Wednesday, April 15, 2009

Foot, meet mouth

So it turns out that those brief 3 days last week of relief was a mere temporary tease. Easter weekend was probably the two worst days of nausea I've experienced yet, made even worse by the fact that I truly thought I was on the upswing.

My sweet, sweet husband came home last night with an arsenal of nausea-combating goodies - teas, suckers and candies meant to "ease morning sickness." He is so wonderful, even though I know his true motivation is that I start feeling good we can begin having sex again. Although he has been incredibly understanding, he did read me off the stats of the number of times we've had sex in the past 8 1/2 weeks and he seemed quite depressed by the number. I know, babe. Me too. And after this nausea and the big belly and the birth and the breastfeeding and the vasectomy is all over, we'll start doing that again - see ya in mid 2010. Smooches.

We went to a child's birthday party and Finn wore his truly adorable Uggs. Let me be clear - I would never ever ever ever pay $100 for a pair of toddler shoes. I don't even spend that much on shoes for me, am I seriously going to drop a bill on shoes for my 2 years old that he will outgrow in 3 months? Negative.


We are the proud recipients of hand me downs via about 4 different sources. One of which happens to be a very well off couple whose 2 year old is growing so fast and so big and so tall that we often get their brand new, super nice clothes that have labels on them that can only be purchased in those high end boutiques I would never set my Target-footwear-clad feet in.

I always get compliments on his shoes, because - duh that are so f-ing cute (and like crocs, Uggs always look WAY cuter on kids than they do on adults). At this birthday party, the host was raving about Finn's shoes. Like the high class gal that I am, I scoffed "they are so cute, but I would never pay a hundred bones on a pair of kids shoes, thank god for hand me downs!" She nodded vaguely and we went on to other topics.

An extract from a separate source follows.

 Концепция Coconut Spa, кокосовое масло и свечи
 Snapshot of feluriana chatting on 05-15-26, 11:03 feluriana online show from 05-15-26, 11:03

As we were leaving, I grabbed my coat from the closet and what did I see on the floor of the closet? Oh come on, you can guess. Not one. Not two. THREE pairs of infant Uggs for her little girl, all lined up as beautiful little pieces of art. Well, ugh. As if I didn't feel bad enough.

1 comment:

Parsing Nonsense said...

Ha! I have specially-crafted shoes just to accomodate all the time my feet spend hanging out in my mouth. As far as embarrassment goes, that one doesn't seem TOO bad.